The cooling system may be a mixture of dry ice and
acetone.
2. The chilled product concentrate is quantitatively
metered into an equally cold aerosol container.
3. The liquefied gas is added.
3. The heavy vapors of the cold liquid propellant
generally displace the air present in the container.
However, some of the propellant vapors are also lost.
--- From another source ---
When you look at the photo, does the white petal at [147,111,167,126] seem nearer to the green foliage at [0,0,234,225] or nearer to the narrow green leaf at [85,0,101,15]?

56. • When sufficient propellant has been added,
the valve assembly is immediately inserted
and crimped into place.
• Disadvantages:
1. Aqueous systems cannot be filled by this
process.. WHY?
Because the water turns to ice at these low
temperatures.
2. For non aqueous systems,
some moisture usually appears in the final
product due to the condensation of
atmospheric moisture within cold containers.

57. Pressure Filling
1. The product concentrate is quantitatively placed
in the aerosol container.
2. The valve assembly is inserted and crimped into
place.
3. The liquefied propellant under pressure is
metered into the valve stem from a pressure burette.
4. The desired amount of propellant is allowed to
enter the container under its own vapor
pressure.. HOW?
When the pressure in the container equals that in the
burette, the propellant stops flowing.

58. Notes:
1. Additional propellant may be added.. HOW?
By increasing the pressure in the filling apparatus
through the use of compressed air or nitrogen gas.
2. The trapped air in the package may be:
a. Ignored if it does not interfere with the quality or
stability of the product,
b. Evacuated prior to filling or during filling, using
special apparatus.
5. After filling the container with sufficient
propellant, the valve actuator is tested for proper
function. This also rids the dip tube of pure propellant
prior to consumer use.

59. • Pressure filling is used for most pharmaceutical
aerosols.. WHY?
1. Lower danger of moisture contamination of
the product,
2. Less propellant is lost in the process.
For gases which are slightly soluble in the
product concentrate like carbon dioxide and
nitrous oxide, the container is manually or
mechanically shaken during the filling operation
to achieve the desired pressure in the
headspace of the aerosol container.

60. Testing the Filled Containers
• After filling, the aerosol container is tested under various
environmental conditions for:
a. Leaks / weakness in valve assembly or container.
b. The proper function of the valve.
c. Spray patterns,
d. Particle size distribution of the spray,
e. Accuracy and reproducibility of dosage when using metered
valves.
“The valve discharge rate”
1. Discharge a portion of the contents of a previously weighed
aerosol during a given period of time.
2. Calculate by the difference in weight, the grams of contents
discharged per unit of time.

61. Packaging, Labeling, and Storage
• The aerosol is packaged as part of manufacturing
process.
• With other dosage forms, the product is completely
manufactured and then placed in the container.
• Most aerosol products have a protective cap that
fits snugly over valve and mounting cup.. WHY?
1. Protects the valve against contamination.
2. Serves a decorative function.

62. • For safety, labels must warn users:
1. Not to puncture pressurized containers,
2. Not to use or store them near heat or open flame,
3. Not to incinerate.. WHY?
Exposure to temperatures > 120°F may cause the
aerosol container to burst.
4. Most medications in aerosol containers are intended
for use at ambient room temp (15 - 30°C) (36 - 86°F).
5. Shake before use.
6. Hold at the proper angle and/or distance from the
target.
7. Should be maintained with the protective caps in
place to prevent accidental activation of the valve
assembly or its contamination.

63. Proper Use of Aerosols
• Using the metered aerosols as a model, the
pharmacist should demonstrate:
1. How the inhaler is assembled, stored and cleaned.
2. Whether the inhaler requires shaking before use.
3. How to hold it so that the aerosol canister is up
side down.
4. The coordination between inhalation (after
exhaling as completely as possible) and pressing
down the inhaler to release one dose.
5. Holding patient breath for several seconds to gain
the maximum benefit from the medication.